■ **WORK REQUEST**:
Your copy of the entries below should hold exactly the lines from the one containing "Klock Werks Henry" to the one containing "Invitación a Baby", inclusive, and no pictures.

■ **TASK INPUT**:
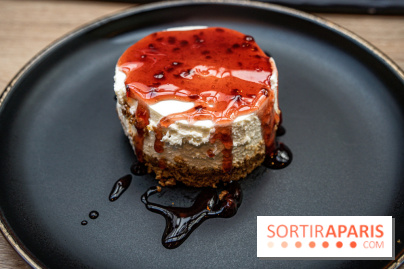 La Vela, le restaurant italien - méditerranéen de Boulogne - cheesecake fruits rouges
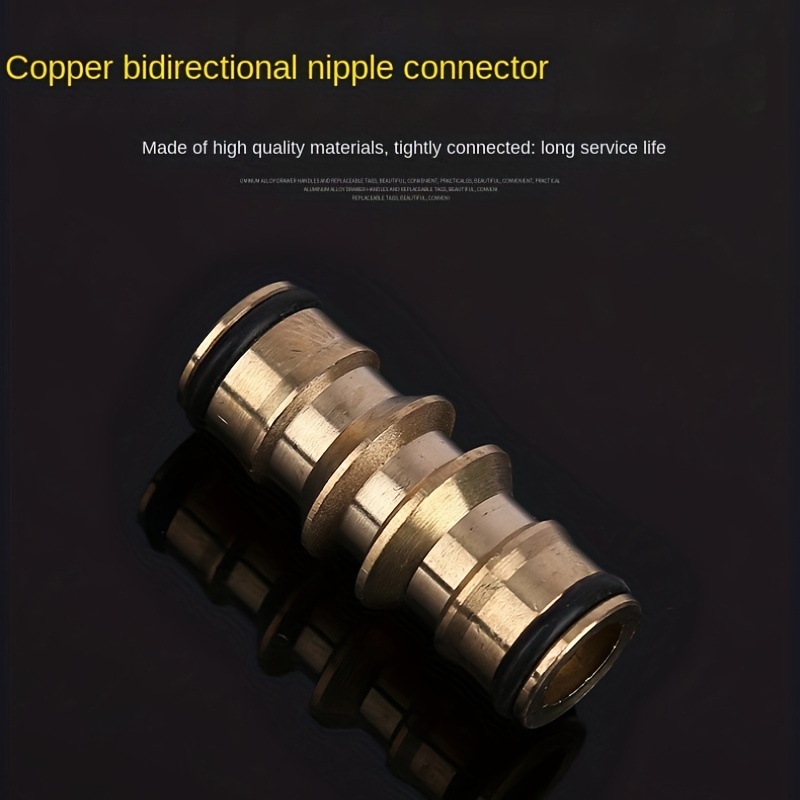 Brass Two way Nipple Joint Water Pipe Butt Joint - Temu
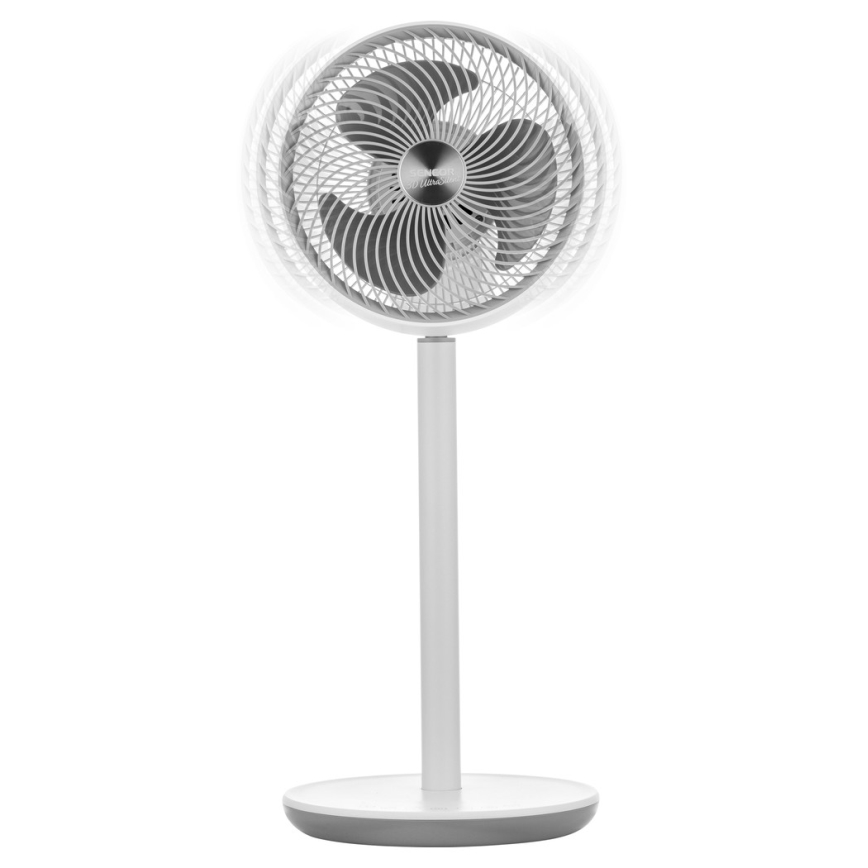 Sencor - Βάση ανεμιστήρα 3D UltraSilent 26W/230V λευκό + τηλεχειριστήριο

...

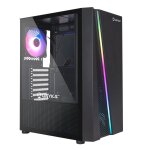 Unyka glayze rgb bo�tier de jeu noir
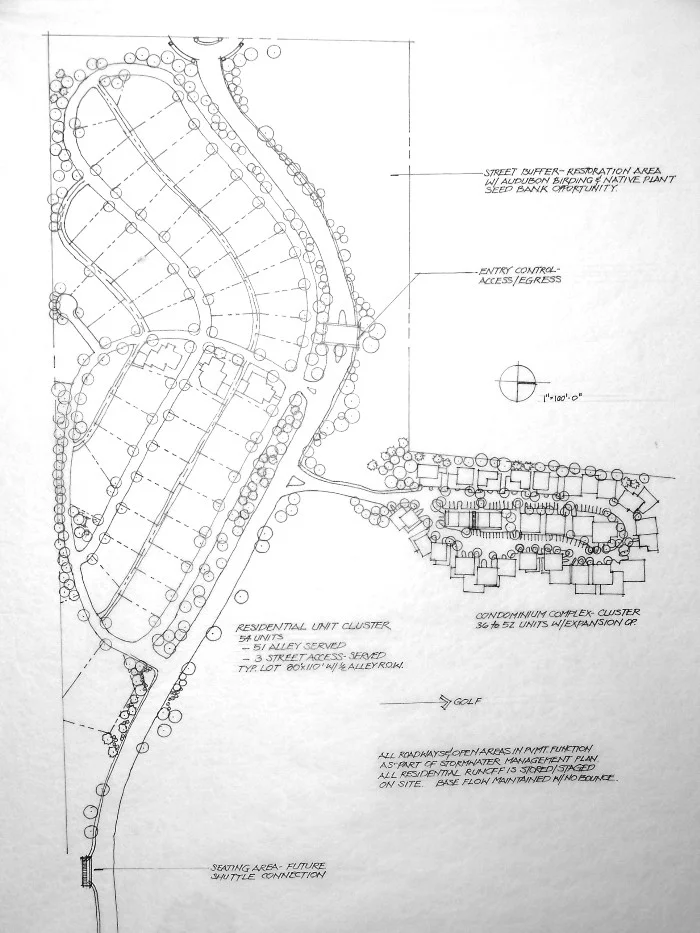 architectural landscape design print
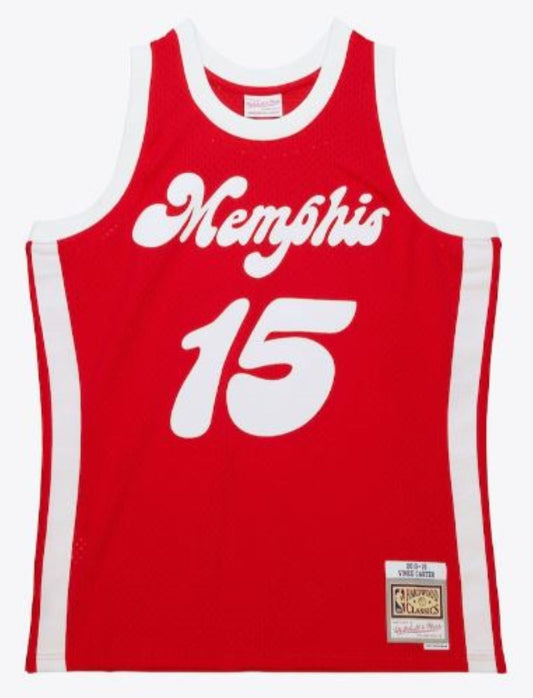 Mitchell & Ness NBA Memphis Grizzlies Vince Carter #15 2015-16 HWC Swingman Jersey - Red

* * *

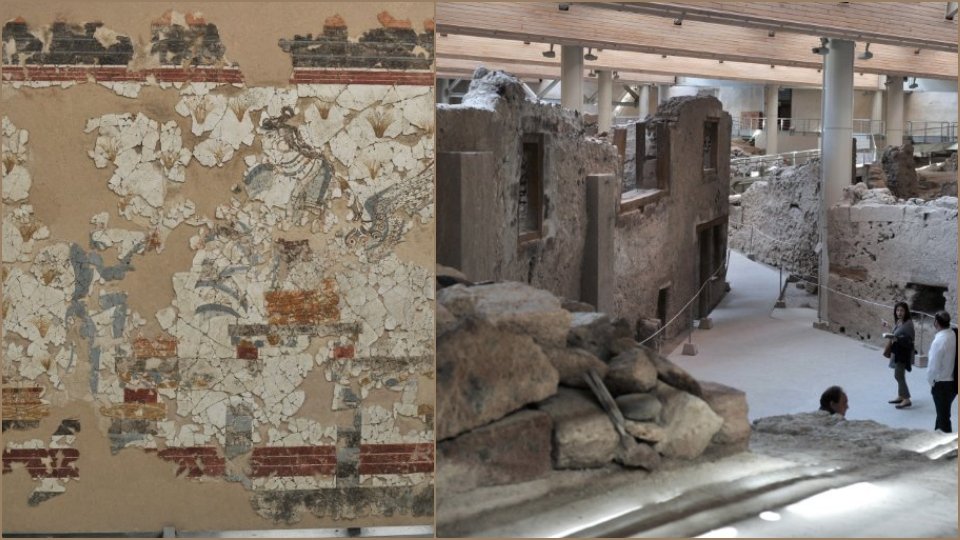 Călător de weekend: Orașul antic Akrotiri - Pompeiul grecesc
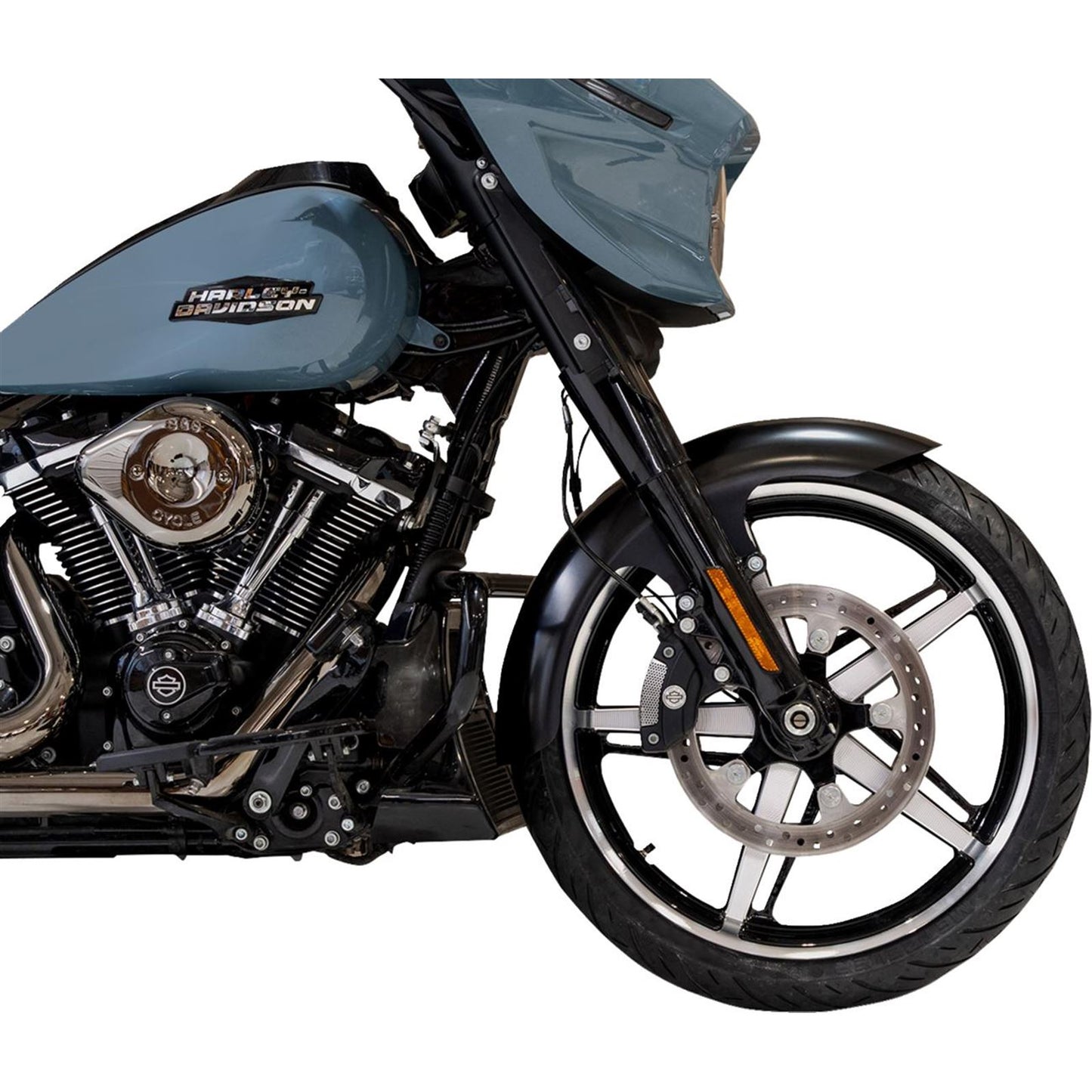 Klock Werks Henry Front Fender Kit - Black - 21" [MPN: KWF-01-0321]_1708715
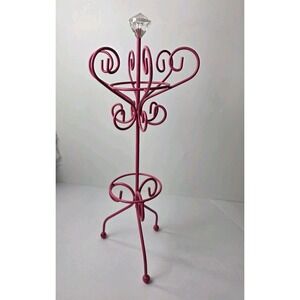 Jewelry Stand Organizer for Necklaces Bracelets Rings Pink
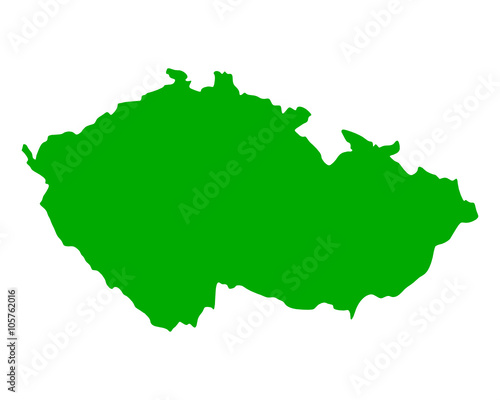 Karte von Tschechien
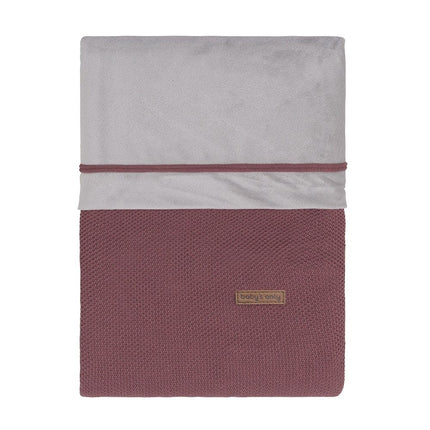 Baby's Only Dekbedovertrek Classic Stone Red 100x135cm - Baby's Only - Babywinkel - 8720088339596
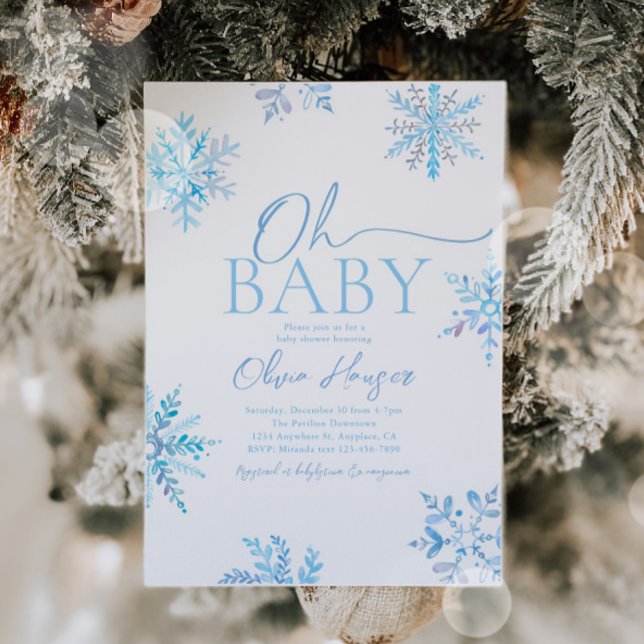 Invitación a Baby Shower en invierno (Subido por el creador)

■ **ANSWER SECTION**:
 Klock Werks Henry Front Fender Kit - Black - 21" [MPN: KWF-01-0321]_1708715
 Jewelry Stand Organizer for Necklaces Bracelets Rings Pink
 Karte von Tschechien
 Baby's Only Dekbedovertrek Classic Stone Red 100x135cm - Baby's Only - Babywinkel - 8720088339596
 Invitación a Baby Shower en invierno (Subido por el creador)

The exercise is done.